Making UN Declaration law shows Canada’s commitment to Indigenous people

Posted on June 23, 2021 in Equality Policy Context

Source: — Authors: – Opinion/Contributors

The Declaration was adopted by the U.N. General Assembly in 2007 as a direct result of the commitment and tenacity of Indigenous rights advocates from Canada and across the globe. It calls on UN member states to recognize, respect and protect Indigenous rights and address the wrongs of the past. Simply put, the declaration affirms the political, social economic, and sovereign rights of Indigenous peoples everywhere.

As a politician, lawyer and teacher in Canada over many years, I have been directly involved in discussions and negotiations to advance the interests of all Indigenous peoples and governments in Canada. My work has given me the chance to see first-hand the challenges, failures and successes of the last 50 years.

It is, above all, the courage, wisdom, and leadership of Indigenous peoples that stand out. “Listen, learn, and act” — these words stay with me. Canada’s ongoing lessons on the path of truth and reconciliation should only reinforce our commitments to human rights and the rule of law both at home and around the world.

Since Canada endorsed the declaration without qualification in 2016, First Nations, Inuit and Métis, together with the Government of Canada, have been guided by the spirit of the declaration. The adoption of laws to strengthen and revitalize Indigenous languages and to protect lands and traditions are examples of Canada’s commitment to implement the declaration.

Bill C-15, also known as the United Nations Declaration on the Rights of Indigenous Peoples Act, provides a way to advance and develop this collaboration, which must continue for generations to come.

This act is an important step forward on our journey toward reconciliation.

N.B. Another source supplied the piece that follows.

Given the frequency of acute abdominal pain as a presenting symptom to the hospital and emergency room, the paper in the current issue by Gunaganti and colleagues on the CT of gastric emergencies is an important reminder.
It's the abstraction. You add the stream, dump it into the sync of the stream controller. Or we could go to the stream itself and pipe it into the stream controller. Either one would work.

But it is just that — a step. Urgent work lies ahead, including the undoing of centuries of harmful colonial policies and practices. The horrific discovery of unmarked graves of children at the former Kamloops Indian Residential School, and the reality that more graves will be found, is another reminder of that stark truth. Systemic racism and discrimination experienced by First Nations, Inuit and Métis continues today and must be confronted head-on.

Bill C-15 requires regular public reporting on progress and accountability measures developed in collaboration with Indigenous peoples. Importantly, the implementation of the declaration is in line with the findings of the Truth and Reconciliation Commission and the National Inquiry into Missing and Murdered Indigenous Women and Girls Calls for Justice.

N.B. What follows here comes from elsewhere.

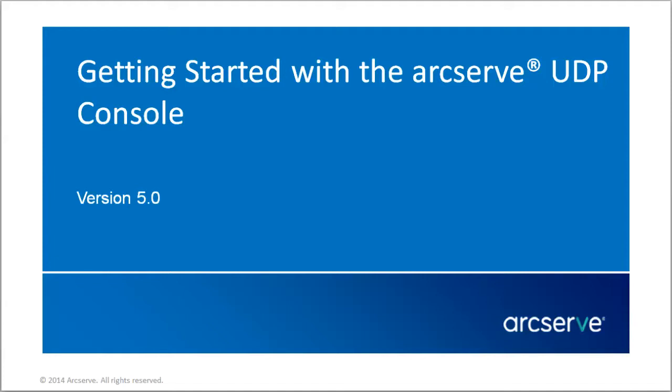Hello, and welcome to the ArcServe Unified Data Protection video series. In this video, you'll learn how to get started using the ArcServe Unified Data Protection Console.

Royal Assent of this act sends an important signal to all Canadians, as well as the international community, that we are committed to addressing historical injustices and ongoing wrongs, to upholding the rights of Indigenous peoples, and to building a better, more equitable future for all.

The world rightly expects Canada to uphold the international human rights standards affirmed in the declaration and in all the treaties, statutes and laws to which we are a party. We, too, expect no less of ourselves.

Bob Rae is Canada’s ambassador to the United Nations.